The "ScaleBlaster" is nothing but a "WalletBlaster. All it will do is make your wallet $300 lighter.

If you have hard water--"hard" enough to be a real problem--you need a plain ol' salt-based ion exchange system. For well over 40 years, living here if Florida, "out-in-the-county" as they say, and using well-water, we have hard water.  We also have had salt-based softeners for those years, they last 15-20 years or so--or until you decide that old "mechanical timer" inefficient monstrosity needs to go.

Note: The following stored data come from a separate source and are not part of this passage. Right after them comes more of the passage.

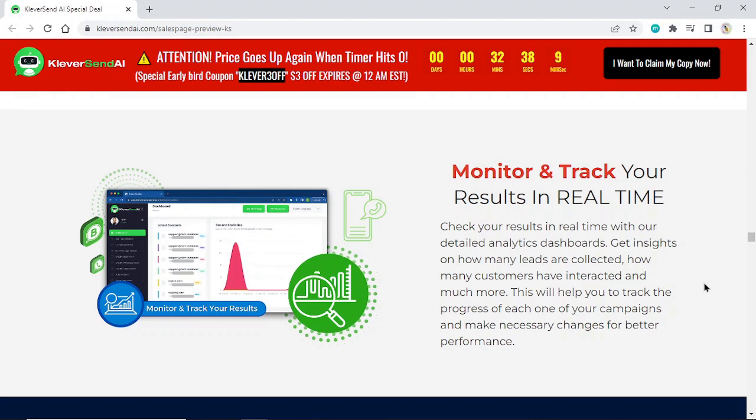This will help you track the progress of each one of your campaigns and make necessary changes for better performance.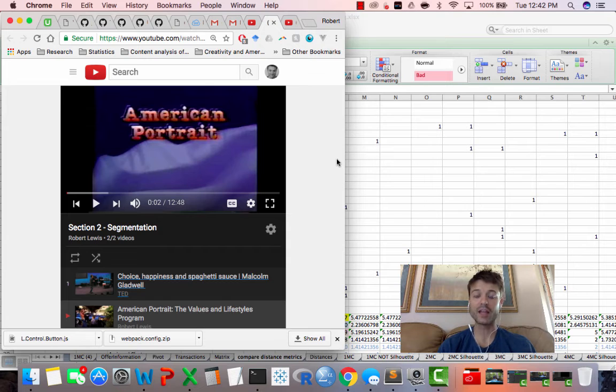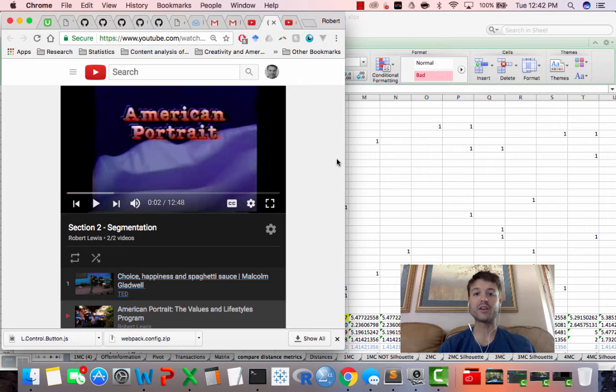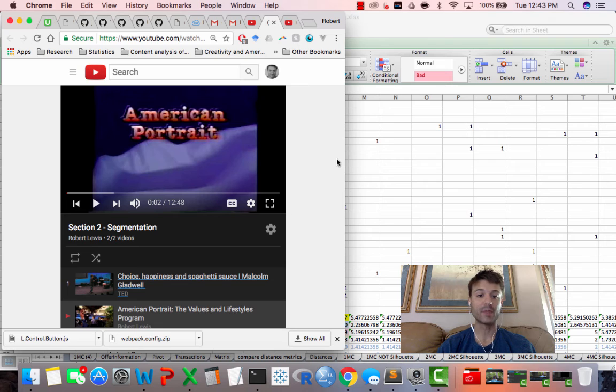So for one, you should know about that, but two, it will familiarize you with what the end product of a very large segmentation study might look like, and I want you to be familiar with that.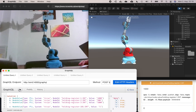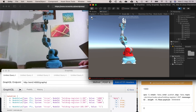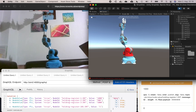You can see the digital twin also moves in the same way as the real robot moves. I can also control the real robot from Unity with my keyboard. I can select a part here and now let's rotate it.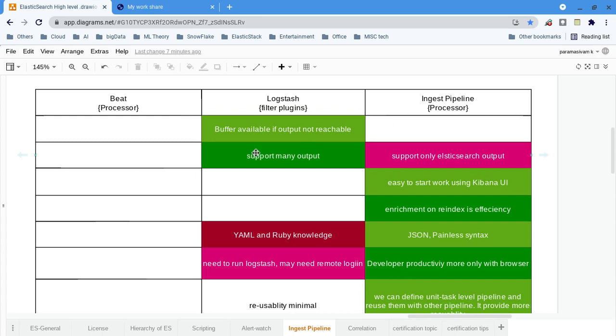Hi, this is Param. In this video we will see — of course there are many ways to ingest the data.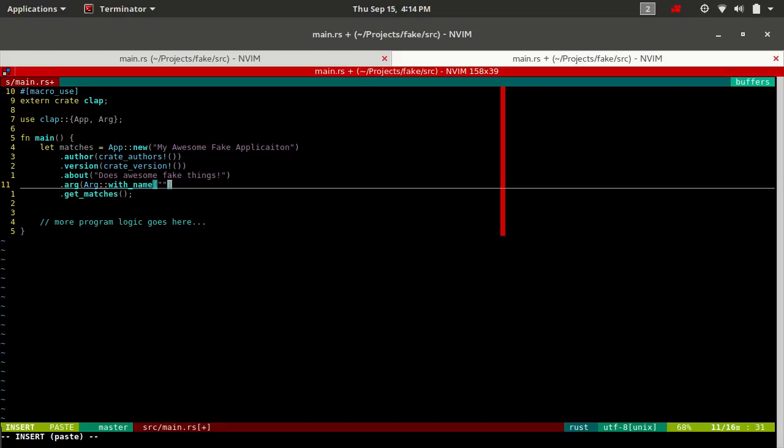All we have to do to create an arg instance is we say arg::with_name, and then we give it some string slice name. This name, depending on the style of argument that it is, may be displayed to the user in the help text or in error messages or usage strings. Unless there are certain things where you can override it and display something different. So you may want to name it something somewhat friendly. But you also need to remember this name because this is the name that you're going to use to recall the values out of it after the parsing is complete.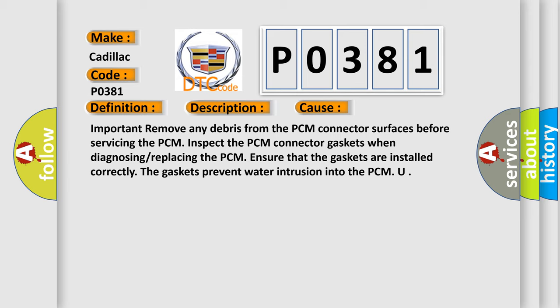Important: remove any debris from the PCM connector surfaces before servicing the PCM. Inspect the PCM connector gaskets when diagnosing or replacing the PCM. Ensure that the gaskets are installed correctly. The gaskets prevent water intrusion into the PCM.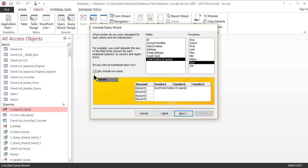Here's another checkbox here. Do you want to summarize each row? There's a checkbox, yes, include row sums. I want to do that because additional information is always helpful. So I'm just going to go ahead and click next.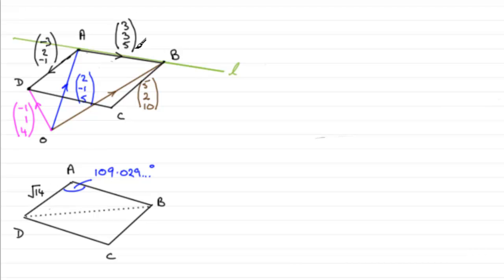And similarly, we worked out the magnitude of AB for the vector 3, 3, 5. That turned out to be root 43.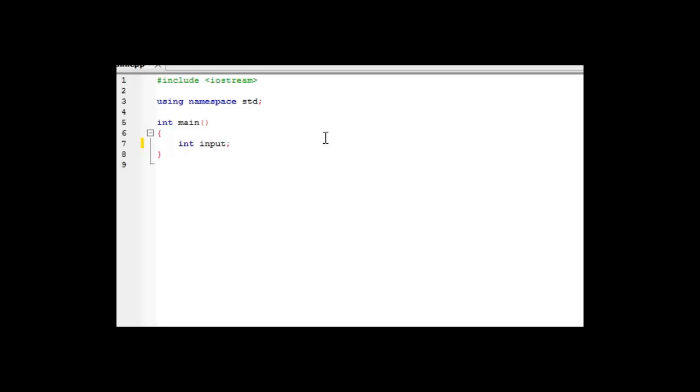Now we don't want to set input equal to anything just yet. What we want to do is type cin and then two greater than signs and then input.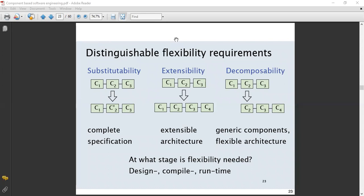Today the topic of discussion is distinguishable flexibility requirements regarding component-based development. If we talk about substitutability, we are only going to substitute modules. If we talk about extensibility, there will be extension of components — component 1, component 2, component 3 — and you can give an arrow sign to represent the extension of these particular components.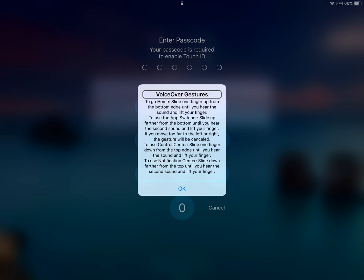If you want to go home, you'll need to swipe up from the bottom of your screen and hold until VoiceOver prompts you to let go so that we can go home.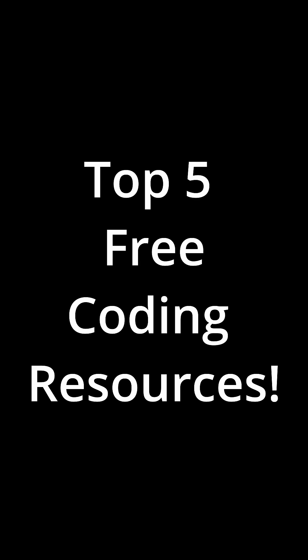Want to learn coding faster? Here are the top five free coding resources every programmer should know.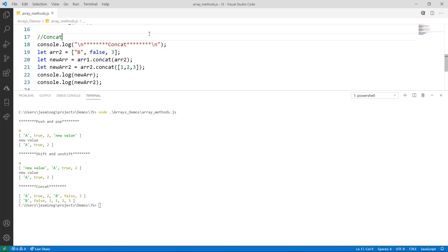We use that array one variable that we've been working with throughout this demo and concatenate it to array two. What we get is array one followed by array two. All the values in array one show up first, and then all the values in array two show up next.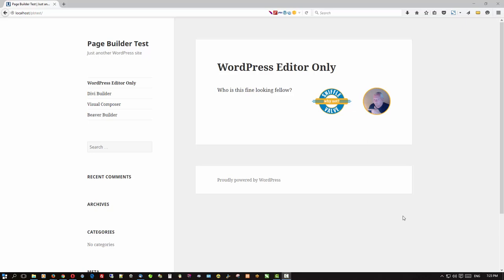So that got me to thinking, and that's a dangerous thing I know. But I thought I'd do a little bit of a comparison here between three page builders, probably three of the more popular ones: the Divi Builder, Visual Composer by WP Bakery available on the Envato Marketplace at Code Canyon, and of course my favorite, Beaver Builder. And I think at the end of this video you may decide that Beaver Builder will be your favorite as well.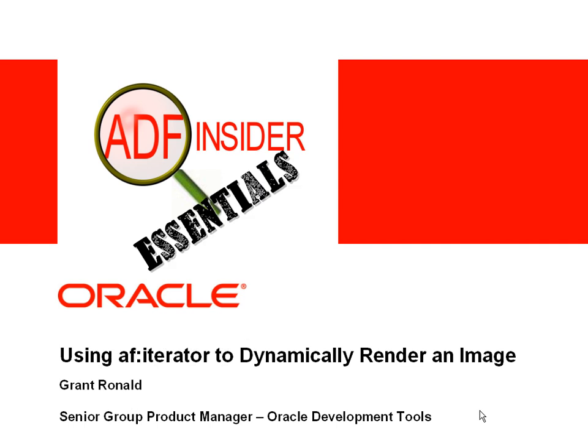Welcome to the ADF Insider Essentials series, which demonstrates common skills, tips, and techniques for building an ADF application. In this demonstration, you'll see how to use an AF Iterator component to dynamically render an image on a JSF page.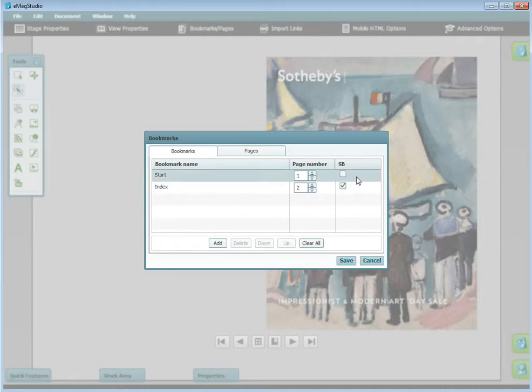Embedded PDF bookmarks and part of the text of each page will automatically be added during the initial conversion of PDF to Emag in the program to save you time.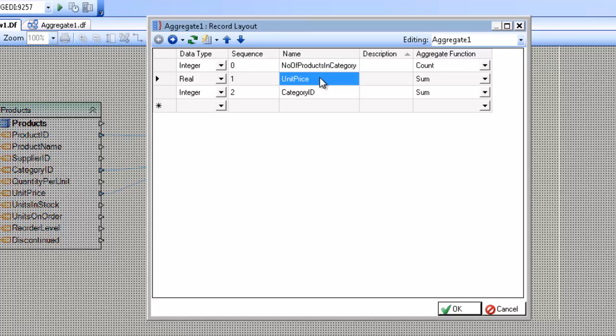For the second field, I want to make this the total price of category. And I'm going to go ahead and leave this as the sum function.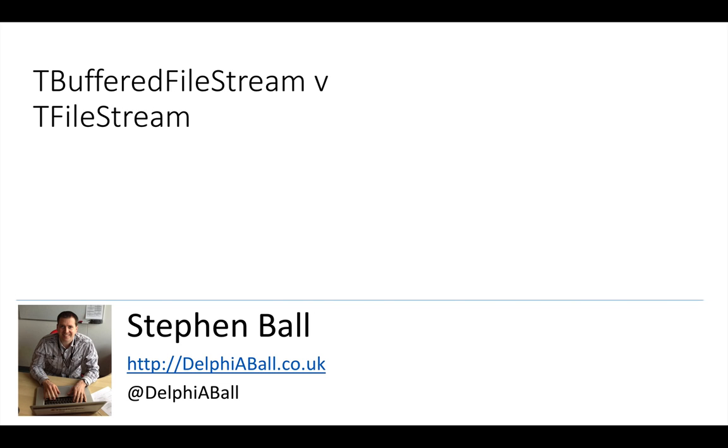Now TFileStream is the base class that TBufferedFileStream descends from, so using TBufferedFileStream you are using a TFileStream base, but TBufferedFileStream brings in much faster reading by basically doing the buffering for you and eliminating some of the code bottlenecks that you can introduce if you're doing bit-by-bit reading using a TFileStream.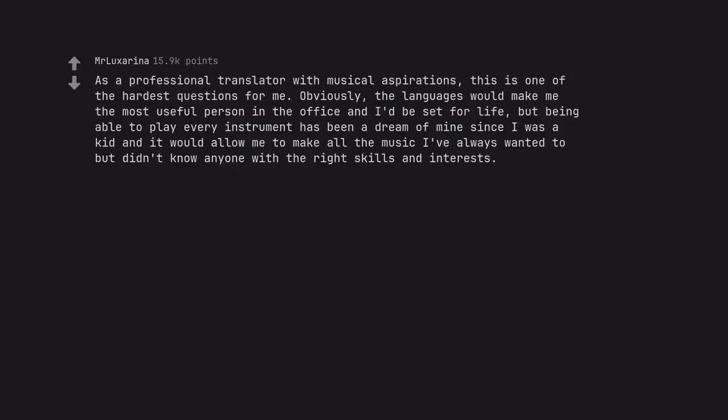As a professional translator with musical aspirations, this is one of the hardest questions for me. Obviously, the languages would make me the most useful person in the office and I'd be set for life. But being able to play every instrument has been a dream of mine since I was a kid and it would allow me to make all the music I've always wanted to but didn't know anyone with the right skills and interests.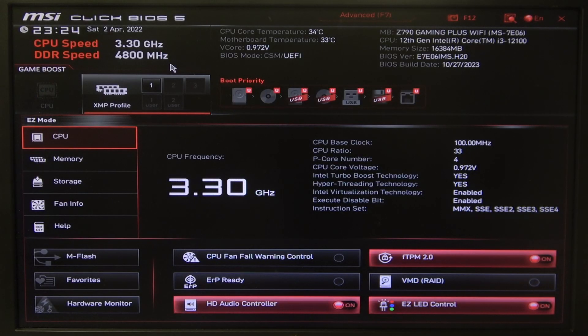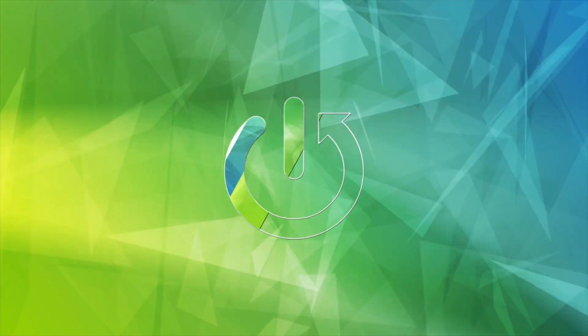Hello! In this video I want to show you how to change BIOS language on MSI motherboard.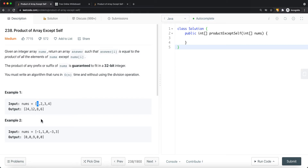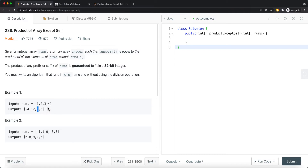For example, the product of the array is 24, and the product except the current element — which is 1 — is 24 divided by 1, which is basically 24. For another element, the product of the entire array is 24, and except this element which is 2, we get 24 divided by 2, which is 12. Similarly, 24 divided by 3 is 8, so we have 8 at that output position. And 24 divided by 4 is 6, so 6 is the product of the array except the current element 4.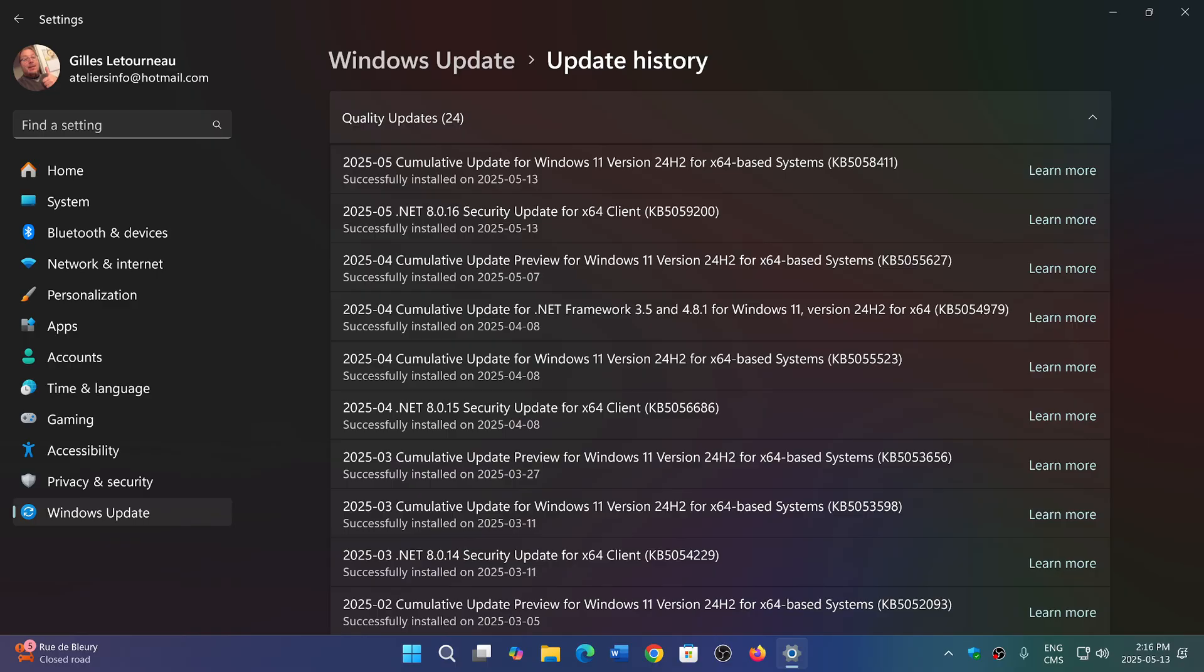And Windows 11 24H2 has one more than 23H2. It has 36 vulnerabilities, three critical, and 33 important.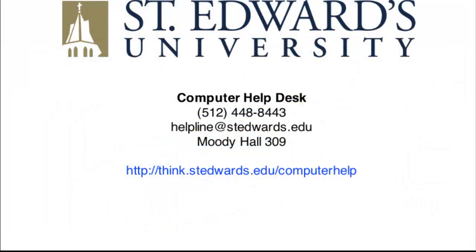If you have any other questions, contact the computer help desk at 512-448-8443 or send us an email at helpline at stedwards.edu. Thank you.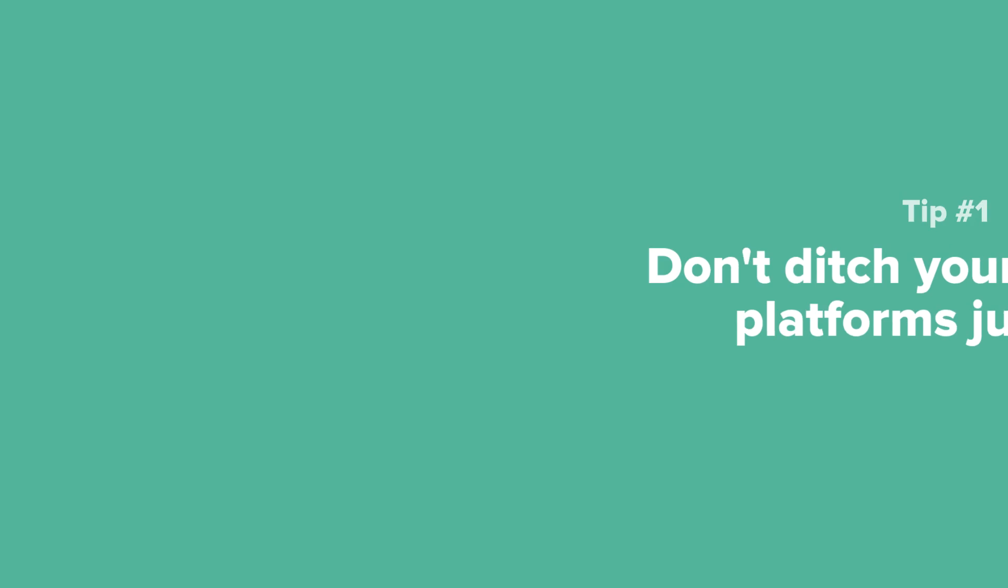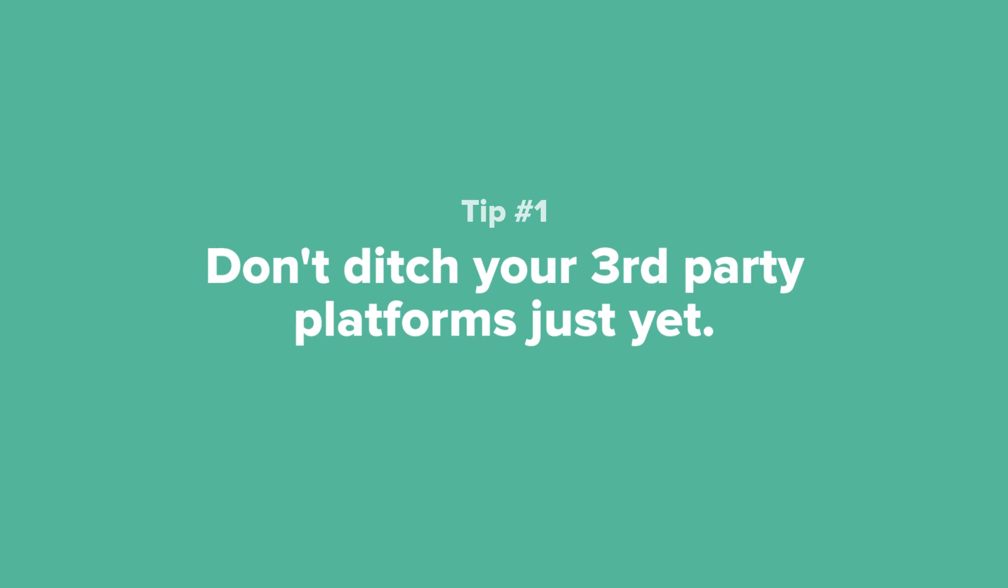Tip number one: Don't ditch your third party platforms just yet. There's a real possibility that you'll use an account like Trello, Dropbox, ConvertKit, or QuickBooks in conjunction with your Dubsado account. If something outside of Dubsado is working for you, keep it until you've done some research in our platform.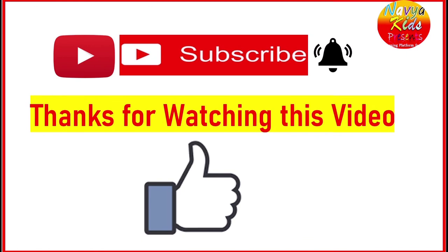Children, if you liked our video, please like the video, subscribe to the channel. Thanks for watching this video.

That last happened for us three years ago when we replaced an old Autotrol softener with a Pelican system with a flashy electronic control that monitors usage (in gallons) and recharges itself only after 1400 gallons have bee used (this and the amount of salt used per recharge is fully configurable--the old unit recharged every 4 days whether it was needed or not).  It was not cheap, but it is the "best there is" with a pretty stainless steel tank and state-of-the-art valving and controls. It has a 20-25 year estimated service life, before the filter media will need to be renewed, We use 8-10 40 lb sags of salt per year, typically $ to $5 per bag at Ace Hardware or Tractor supply (whicheve has them on sale).

The "sodium in the treated water" boogeyman is just fear-mongering. The treated water has ≅7.5 mg of sodium per quart (whole milk has 200 mg/quart; beer has 38; bottled water is the same, typically 5 to 10 mg/quart).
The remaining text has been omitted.